1874
Oil on canvas
113 x 184 cm
This painting closely illustrates lines spoken by the chorus in the play 'Alcestis' by Euripides. The lines are:-'Apollo’s self Deigned to become a shepherd in thine halls And tune his lays along the woodland slopes Whereat entranced the spotted lynxes came, To mingle with thine flocks; from Othry’s glen Trooped tawny lions; e’en the dappled faun Forth from the shelter of her pinewood haunts Tripped to the music of the Sun-God’s lyre'.
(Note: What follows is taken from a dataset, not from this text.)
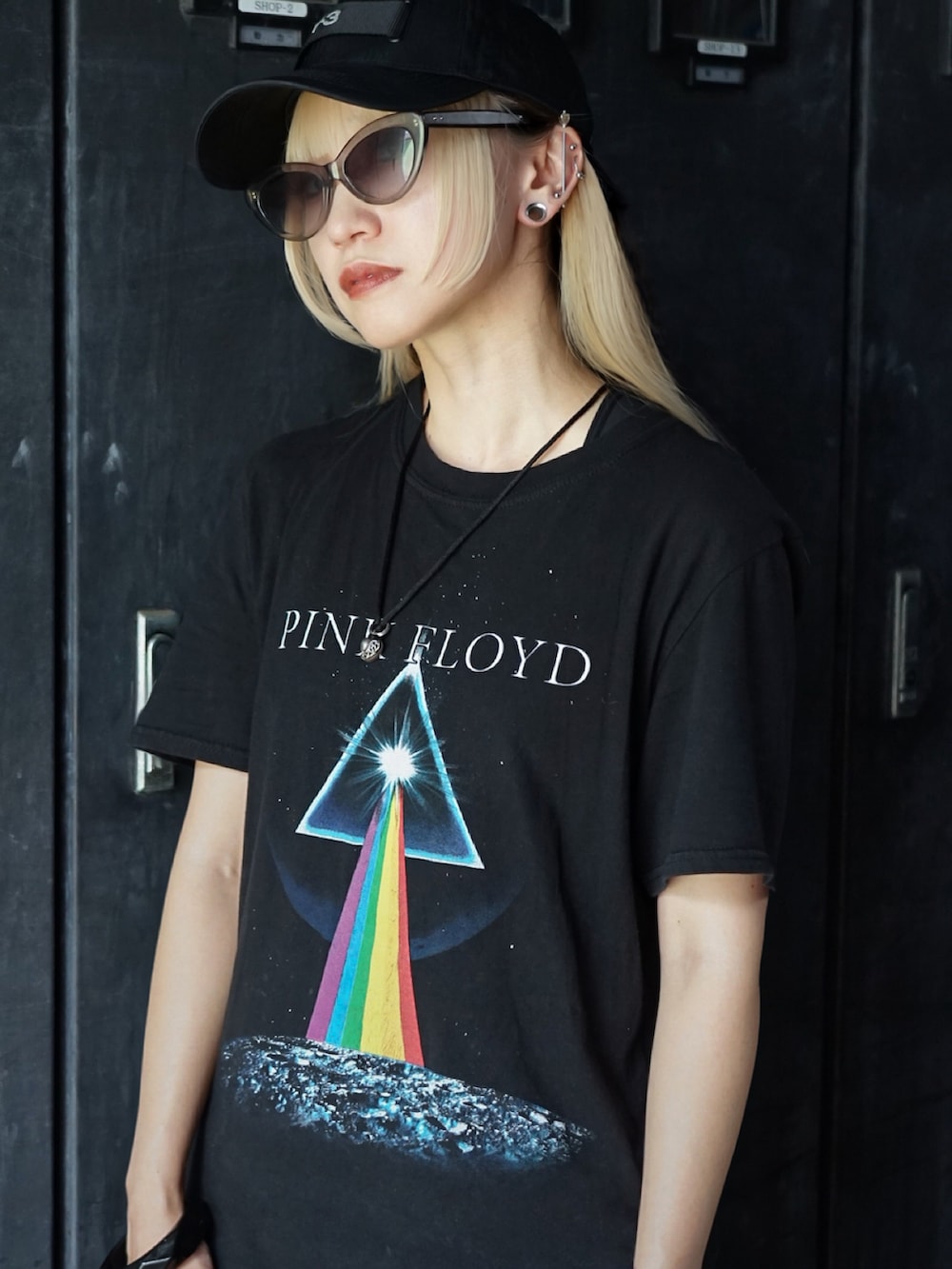 ブラック系のボディバッグ/ウエストポーチ、ブラック系のスニーカー、ブラック系のパンツを着用したレディースの夏コーディネートの3枚目の写真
The artist was primarily an animal painter and produced many ambitious allegorical and classical subjects featuring animals, like this one, but he is now best known for his pictures of faithful dogs. With such paintings he courted an easy popularity, aiming not to enlarge public taste but rather to provide a form of mass entertainment. However, 'Apollo' is on an entirely different and more serious plane; it is a haunting image of the power of music to realise higher instincts. The artist shows us Admetus’s flock of goats joined by lynxes, lions and dappled fauns, all totally enraptured by Apollo’s music and lying together, predator and prey alike, in an uncharacteristic harmony. The effect of presenting us with this image of a potential idyllic and peaceful co-existence is both elevating and ennobling.